Red peppers are the centerpiece of any buffet table. Crisp and wonderfully delicious, these red beauties are a simple sell to anyone who isn’t a fan of vegetables.
The only limiting factor is that they can be costly during winter, we can look forward to eating more inexpensive local peppers.
Did you know that green peppers are just unripe red peppers? Because they are not fully mature, they have a bitter after taste and half the vitamin C and 1/10th the vitamin A compared to their red or orange siblings. Vitamin A is important for eye health, and vitamin C may prevent the common cold.
Paprika and chili peppers offer the same benefits, but with extra capsaicin, a chemical that can produce a strong burning sensation in the mouth. It’s not in red peppers because a recessive gene eliminates it.

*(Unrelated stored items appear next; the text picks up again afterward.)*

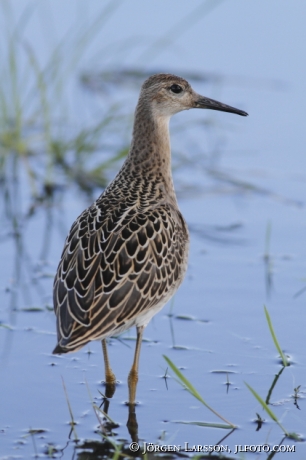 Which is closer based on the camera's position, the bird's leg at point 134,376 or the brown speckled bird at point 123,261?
the brown speckled bird at point 123,261

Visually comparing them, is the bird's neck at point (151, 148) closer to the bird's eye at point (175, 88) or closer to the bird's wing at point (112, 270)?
the bird's eye at point (175, 88)

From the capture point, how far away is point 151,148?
7.33 m

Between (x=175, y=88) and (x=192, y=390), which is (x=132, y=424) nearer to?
(x=192, y=390)

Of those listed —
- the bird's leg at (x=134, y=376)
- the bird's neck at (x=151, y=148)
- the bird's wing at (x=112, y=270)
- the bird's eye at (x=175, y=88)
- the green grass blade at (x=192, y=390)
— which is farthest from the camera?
→ the bird's eye at (x=175, y=88)

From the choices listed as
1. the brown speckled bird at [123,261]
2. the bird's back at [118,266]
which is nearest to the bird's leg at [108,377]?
the brown speckled bird at [123,261]

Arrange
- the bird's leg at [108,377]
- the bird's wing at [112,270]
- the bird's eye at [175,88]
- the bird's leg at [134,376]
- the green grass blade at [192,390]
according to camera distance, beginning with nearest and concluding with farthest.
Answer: the green grass blade at [192,390], the bird's wing at [112,270], the bird's leg at [134,376], the bird's leg at [108,377], the bird's eye at [175,88]

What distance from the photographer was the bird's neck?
7.28 m

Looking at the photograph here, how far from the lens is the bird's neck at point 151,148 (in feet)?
23.9

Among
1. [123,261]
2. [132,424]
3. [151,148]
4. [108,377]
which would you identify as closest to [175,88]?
[151,148]

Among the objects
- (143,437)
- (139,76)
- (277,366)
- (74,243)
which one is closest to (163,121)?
(74,243)

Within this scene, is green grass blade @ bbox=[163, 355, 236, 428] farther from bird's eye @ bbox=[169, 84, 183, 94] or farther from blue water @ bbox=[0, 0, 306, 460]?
bird's eye @ bbox=[169, 84, 183, 94]

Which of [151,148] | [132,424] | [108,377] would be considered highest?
[151,148]

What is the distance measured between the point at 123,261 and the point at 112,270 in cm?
11

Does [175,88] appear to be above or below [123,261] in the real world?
above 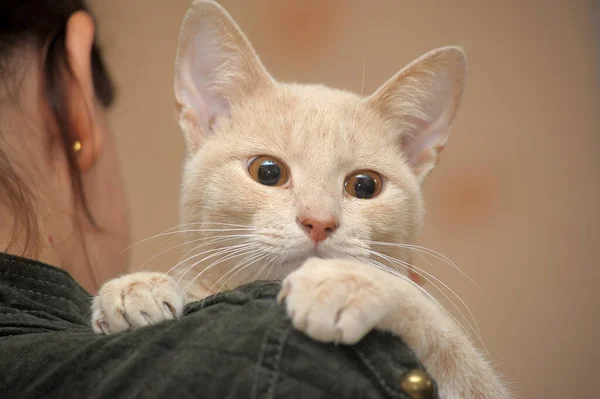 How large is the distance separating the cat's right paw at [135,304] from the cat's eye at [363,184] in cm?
39

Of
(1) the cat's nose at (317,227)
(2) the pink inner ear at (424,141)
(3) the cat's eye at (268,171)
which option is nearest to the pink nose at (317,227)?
(1) the cat's nose at (317,227)

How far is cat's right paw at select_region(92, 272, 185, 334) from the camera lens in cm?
73

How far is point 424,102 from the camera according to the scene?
112 cm

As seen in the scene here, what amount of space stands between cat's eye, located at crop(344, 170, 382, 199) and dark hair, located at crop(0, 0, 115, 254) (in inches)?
26.0

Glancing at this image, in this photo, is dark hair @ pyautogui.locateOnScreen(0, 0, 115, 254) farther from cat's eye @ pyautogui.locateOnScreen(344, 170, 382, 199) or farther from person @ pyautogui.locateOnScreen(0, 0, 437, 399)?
cat's eye @ pyautogui.locateOnScreen(344, 170, 382, 199)

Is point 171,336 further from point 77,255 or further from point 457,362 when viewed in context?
point 77,255

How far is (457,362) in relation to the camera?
749 mm

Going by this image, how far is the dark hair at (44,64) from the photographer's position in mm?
1010

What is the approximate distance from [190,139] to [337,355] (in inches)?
26.9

Here are 5 health benefits of red peppers:
1. Red peppers contain more than 200 percent of your daily vitamin C intake.
Besides being a powerful antioxidant, vitamin C helps the proper absorption of iron. If you are iron deficient, try combining red peppers with your iron source for maximum absorption.
2. Red bell peppers are a great source of vitamin B6 and folate.

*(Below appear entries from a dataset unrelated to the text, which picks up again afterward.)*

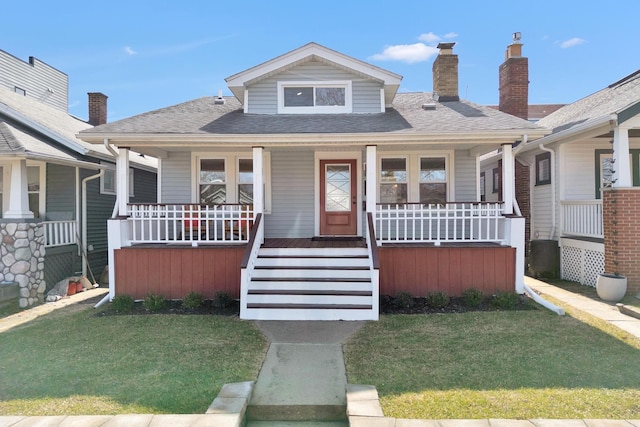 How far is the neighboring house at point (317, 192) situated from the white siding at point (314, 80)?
24mm

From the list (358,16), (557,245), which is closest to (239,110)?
(358,16)

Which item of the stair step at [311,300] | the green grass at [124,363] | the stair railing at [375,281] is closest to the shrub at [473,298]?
the stair railing at [375,281]

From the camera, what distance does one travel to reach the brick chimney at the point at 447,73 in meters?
10.4

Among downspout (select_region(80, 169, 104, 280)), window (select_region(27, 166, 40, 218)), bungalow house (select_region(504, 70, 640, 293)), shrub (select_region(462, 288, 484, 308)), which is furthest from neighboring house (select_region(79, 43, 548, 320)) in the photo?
window (select_region(27, 166, 40, 218))

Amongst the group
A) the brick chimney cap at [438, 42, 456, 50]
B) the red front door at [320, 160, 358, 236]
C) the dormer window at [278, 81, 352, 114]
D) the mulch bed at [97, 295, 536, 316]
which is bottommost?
the mulch bed at [97, 295, 536, 316]

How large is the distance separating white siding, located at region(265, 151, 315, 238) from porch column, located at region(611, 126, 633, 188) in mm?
6237


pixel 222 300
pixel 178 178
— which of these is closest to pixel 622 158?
pixel 222 300

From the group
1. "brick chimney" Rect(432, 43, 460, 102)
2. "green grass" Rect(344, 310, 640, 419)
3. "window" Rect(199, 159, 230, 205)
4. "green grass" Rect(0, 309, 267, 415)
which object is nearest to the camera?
"green grass" Rect(344, 310, 640, 419)

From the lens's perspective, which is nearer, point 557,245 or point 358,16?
point 557,245

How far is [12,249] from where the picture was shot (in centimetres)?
828

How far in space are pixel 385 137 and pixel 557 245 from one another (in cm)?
560

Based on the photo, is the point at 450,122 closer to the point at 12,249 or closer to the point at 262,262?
the point at 262,262

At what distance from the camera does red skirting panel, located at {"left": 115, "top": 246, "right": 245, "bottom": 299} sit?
7492 mm

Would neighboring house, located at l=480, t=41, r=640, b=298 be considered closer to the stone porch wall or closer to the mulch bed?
the mulch bed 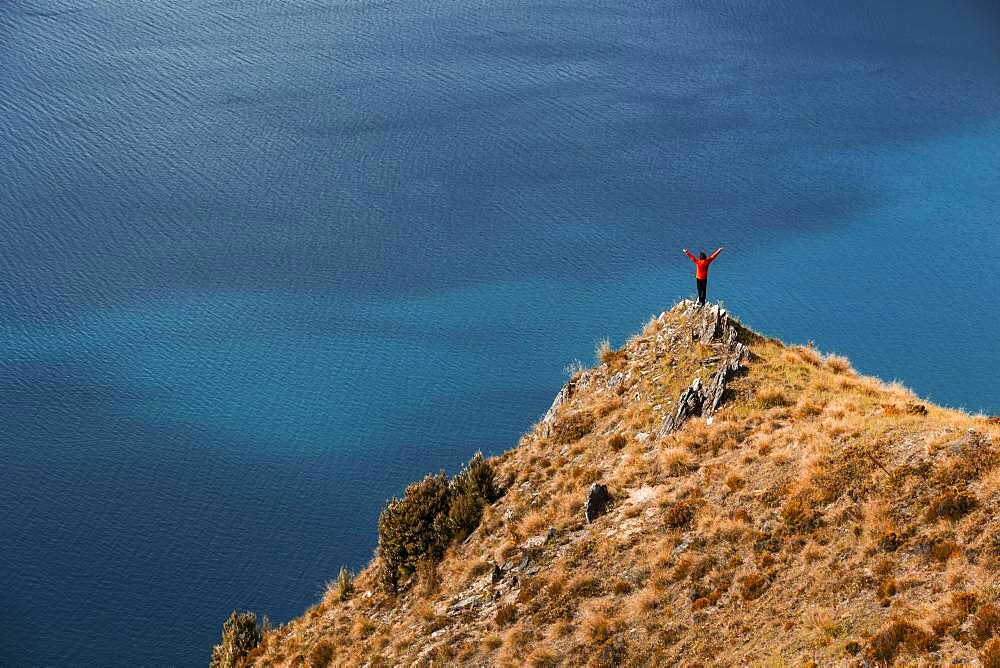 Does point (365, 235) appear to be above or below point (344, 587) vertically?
above

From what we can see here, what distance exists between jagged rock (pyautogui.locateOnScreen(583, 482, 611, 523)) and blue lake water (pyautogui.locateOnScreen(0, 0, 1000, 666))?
2218 centimetres

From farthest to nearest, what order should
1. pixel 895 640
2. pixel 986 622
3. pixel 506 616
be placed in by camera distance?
1. pixel 506 616
2. pixel 895 640
3. pixel 986 622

Both these vitamins and minerals can help prevent anemia.
3. Red bell peppers help support healthy night vision.
Red bell peppers are high in vitamin A, which helps to support healthy eyesight, especially night vision. So when it comes to bell peppers, seeing red is a good thing!
4. Red bell peppers are packed with antioxidants.

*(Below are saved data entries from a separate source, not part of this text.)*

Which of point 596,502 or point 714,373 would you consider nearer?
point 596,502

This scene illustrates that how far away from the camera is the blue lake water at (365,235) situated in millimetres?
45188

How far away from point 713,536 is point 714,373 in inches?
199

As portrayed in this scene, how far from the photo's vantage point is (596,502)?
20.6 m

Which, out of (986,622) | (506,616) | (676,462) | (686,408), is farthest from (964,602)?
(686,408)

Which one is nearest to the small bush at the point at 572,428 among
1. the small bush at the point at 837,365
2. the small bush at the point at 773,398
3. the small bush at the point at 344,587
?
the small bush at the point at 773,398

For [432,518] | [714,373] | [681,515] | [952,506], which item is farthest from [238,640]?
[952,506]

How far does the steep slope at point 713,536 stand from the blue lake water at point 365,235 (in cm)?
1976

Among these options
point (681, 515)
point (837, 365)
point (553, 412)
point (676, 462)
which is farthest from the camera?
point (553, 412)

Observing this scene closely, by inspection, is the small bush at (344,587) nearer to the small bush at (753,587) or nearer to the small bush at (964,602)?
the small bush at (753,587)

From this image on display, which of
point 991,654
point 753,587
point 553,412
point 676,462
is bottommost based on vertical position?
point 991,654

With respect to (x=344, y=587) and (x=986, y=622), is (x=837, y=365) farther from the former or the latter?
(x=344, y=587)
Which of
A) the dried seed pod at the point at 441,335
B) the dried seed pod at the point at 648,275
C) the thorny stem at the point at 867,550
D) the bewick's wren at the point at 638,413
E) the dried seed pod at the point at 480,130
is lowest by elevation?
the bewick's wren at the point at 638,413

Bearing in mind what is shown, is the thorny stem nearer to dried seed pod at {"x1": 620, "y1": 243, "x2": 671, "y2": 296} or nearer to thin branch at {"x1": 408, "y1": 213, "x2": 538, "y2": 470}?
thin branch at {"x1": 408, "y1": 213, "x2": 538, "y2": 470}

The combined effects of vitamin A and C create a great antioxidant capacity, and with lycopene in the mix, the red bell pepper becomes a top-notch superfood. Lycopene is what makes tomatoes and peppers red. Red peppers are one of the highest veggies in lycopene, which has been shown to help prevent many cancers including prostate and lung.
5. Burn more calories with red bell peppers.
Recent research has shown that sweet red peppers can activate thermogenesis and increase metabolic rate. Red bell peppers do not contain capsaicin, which is what makes peppers hot and causes us to sweat, but they do have a mild thermogenic action that increases our metabolism without increasing our heart rate and blood pressure like the hot peppers do.